**RECORD EXTRACTS:**

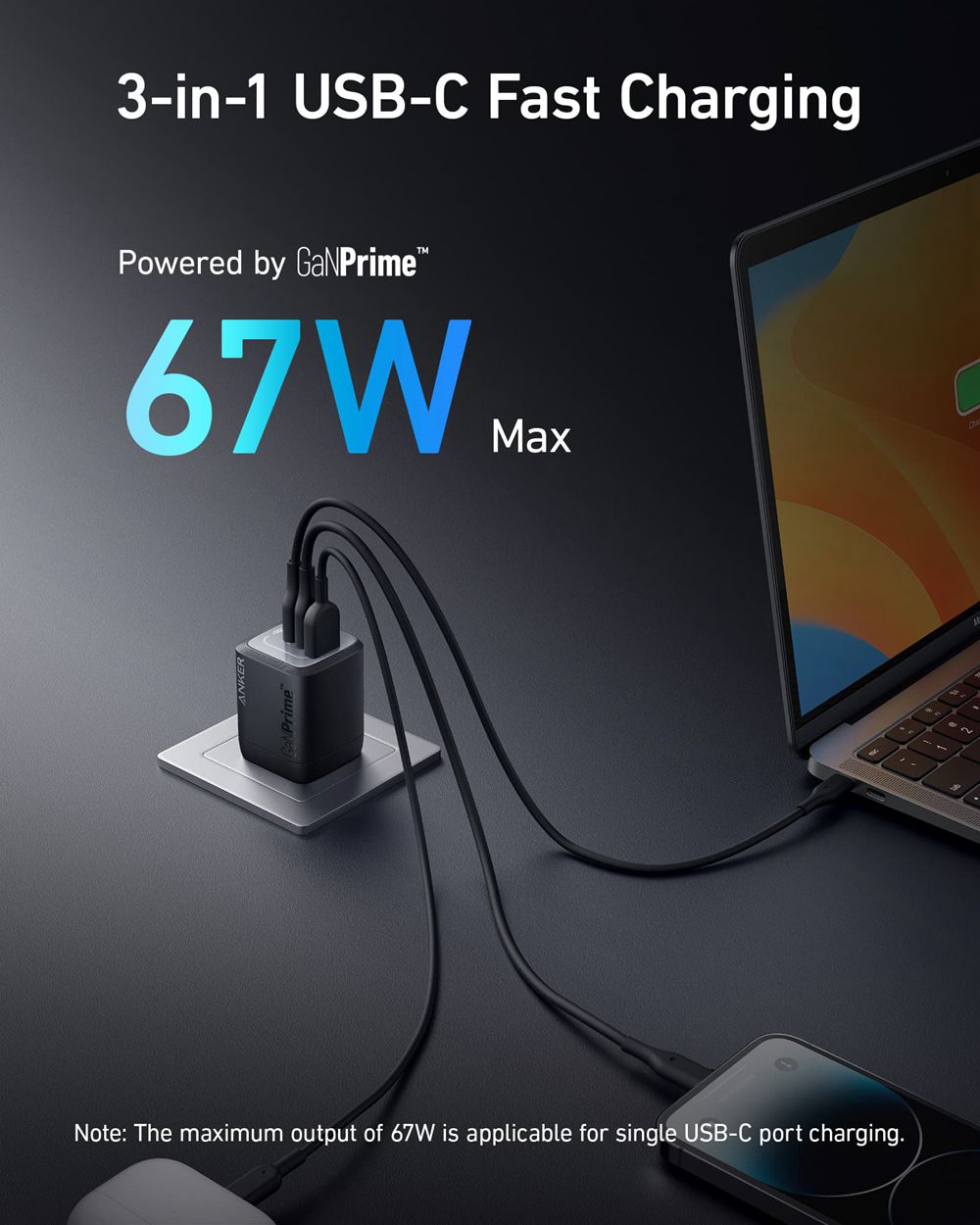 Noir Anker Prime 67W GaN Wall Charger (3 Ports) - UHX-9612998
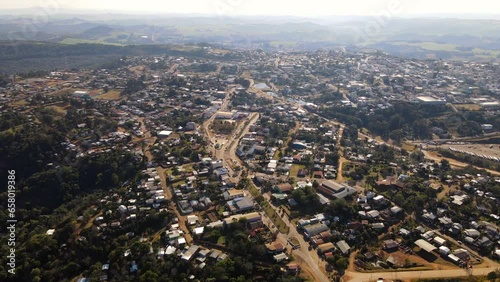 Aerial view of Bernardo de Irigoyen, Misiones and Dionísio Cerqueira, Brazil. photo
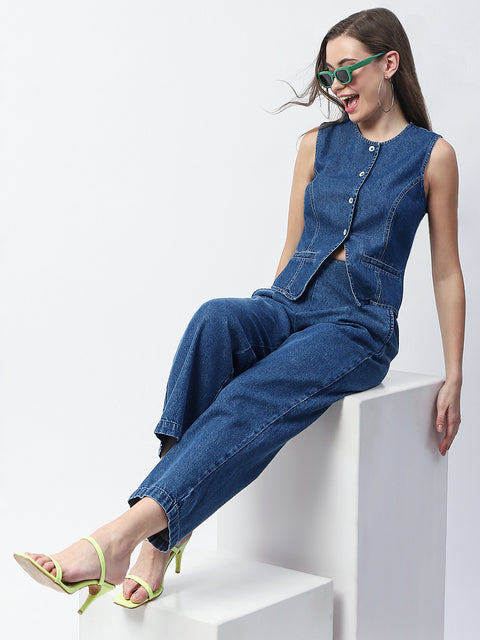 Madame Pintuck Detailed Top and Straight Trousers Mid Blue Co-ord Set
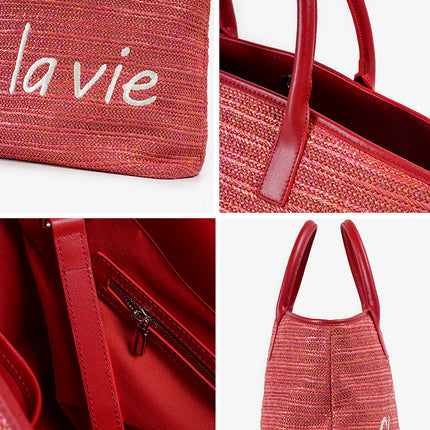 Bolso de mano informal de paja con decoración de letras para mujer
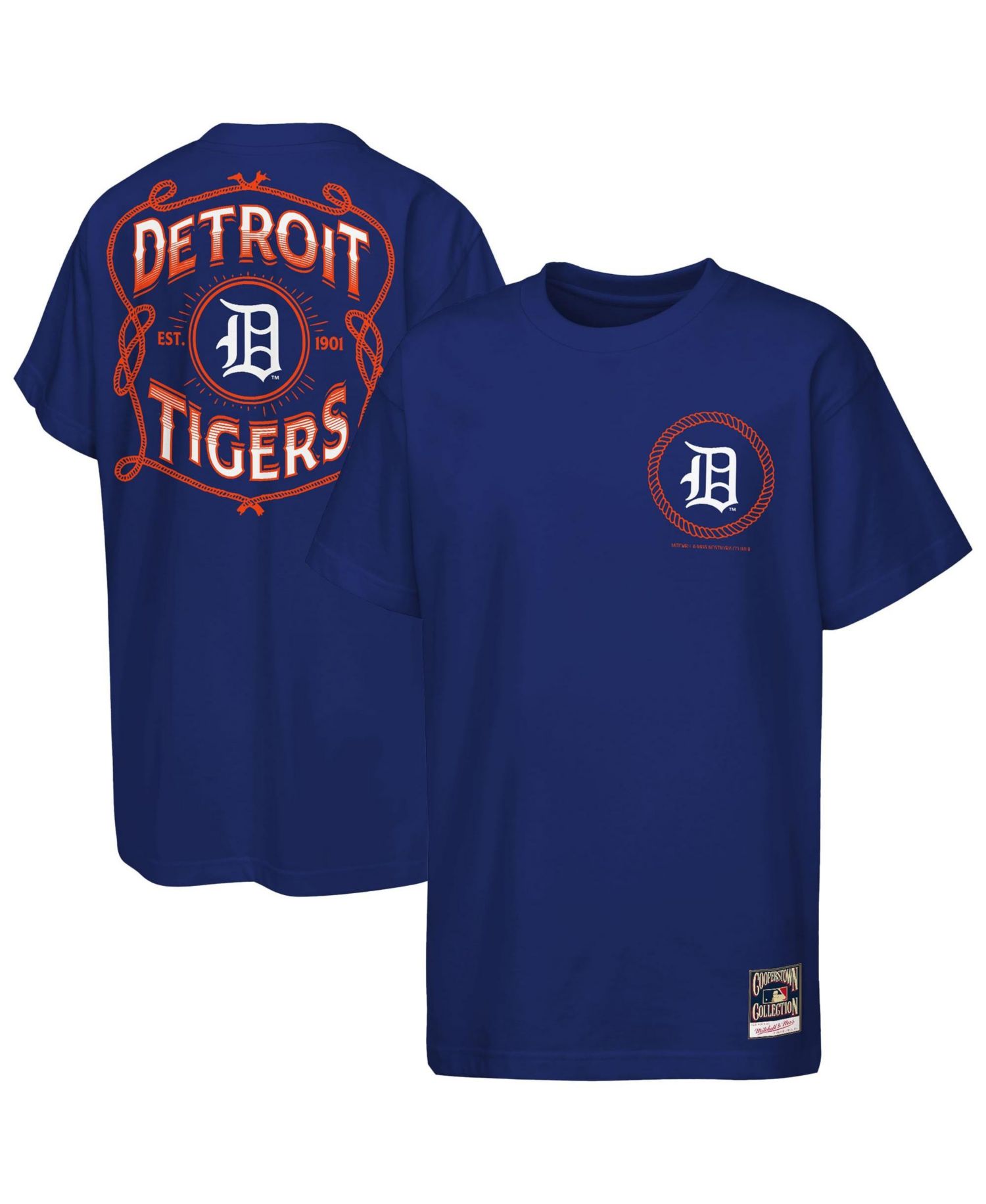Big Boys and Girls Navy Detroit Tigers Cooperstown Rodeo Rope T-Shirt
...
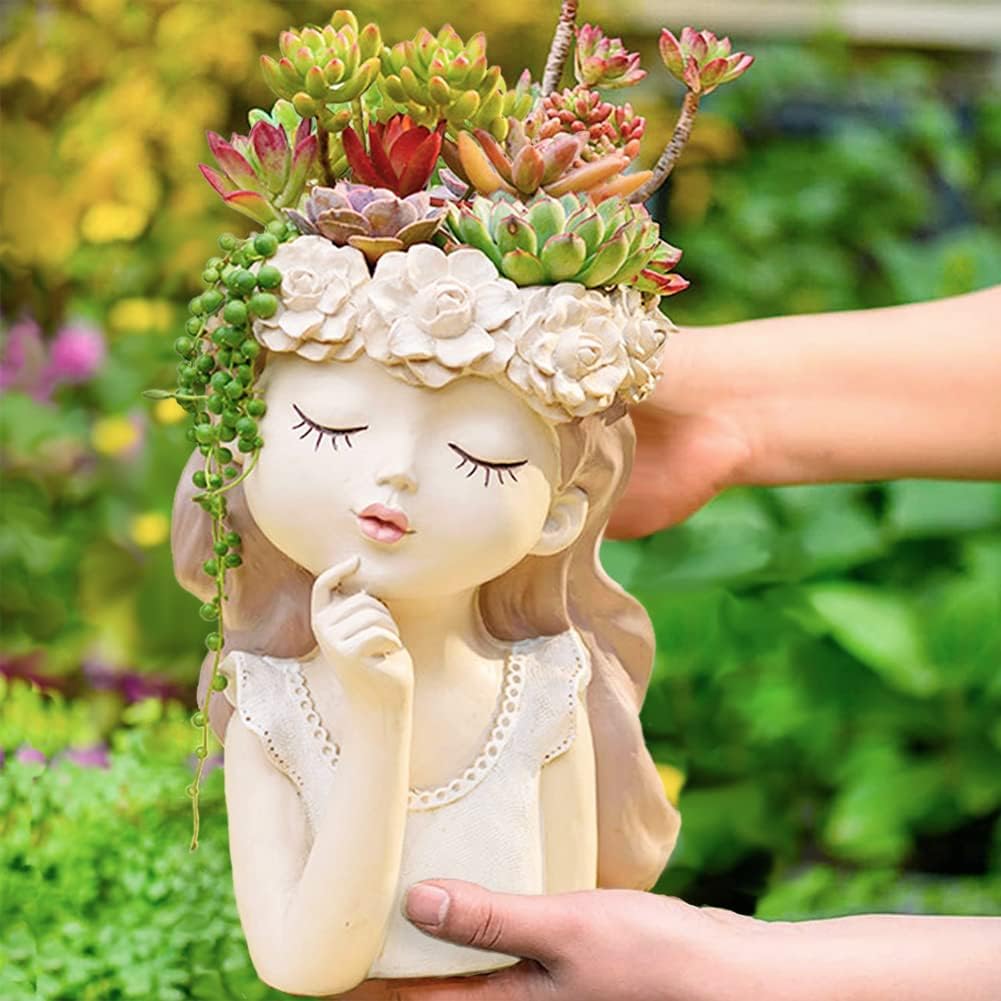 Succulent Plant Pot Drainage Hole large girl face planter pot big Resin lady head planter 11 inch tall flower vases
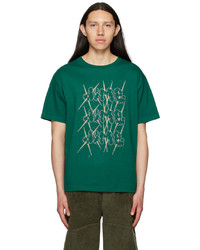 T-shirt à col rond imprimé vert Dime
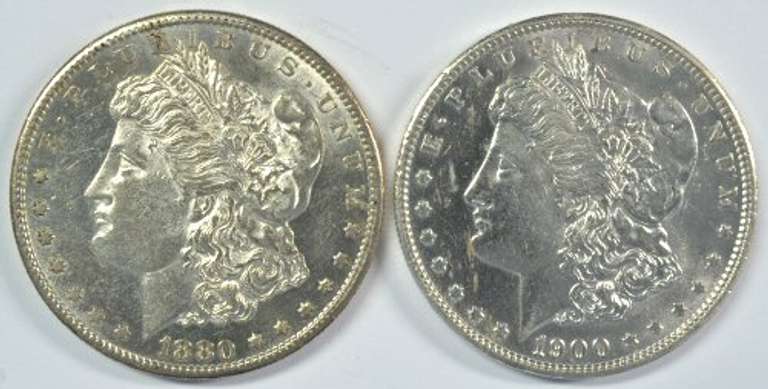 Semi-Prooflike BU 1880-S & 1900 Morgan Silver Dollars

**REQUIRED ACTION:** Print from the line containing "Aerial view of" through the line containing "Big Boys and" in the data above, exactly as the lines stand, and omit every picture.

**SOLUTION TO THE EXERCISE:**
 Aerial view of Bernardo de Irigoyen, Misiones and Dionísio Cerqueira, Brazil. photo
 Madame Pintuck Detailed Top and Straight Trousers Mid Blue Co-ord Set
 Bolso de mano informal de paja con decoración de letras para mujer
Big Boys and Girls Navy Detroit Tigers Cooperstown Rodeo Rope T-Shirt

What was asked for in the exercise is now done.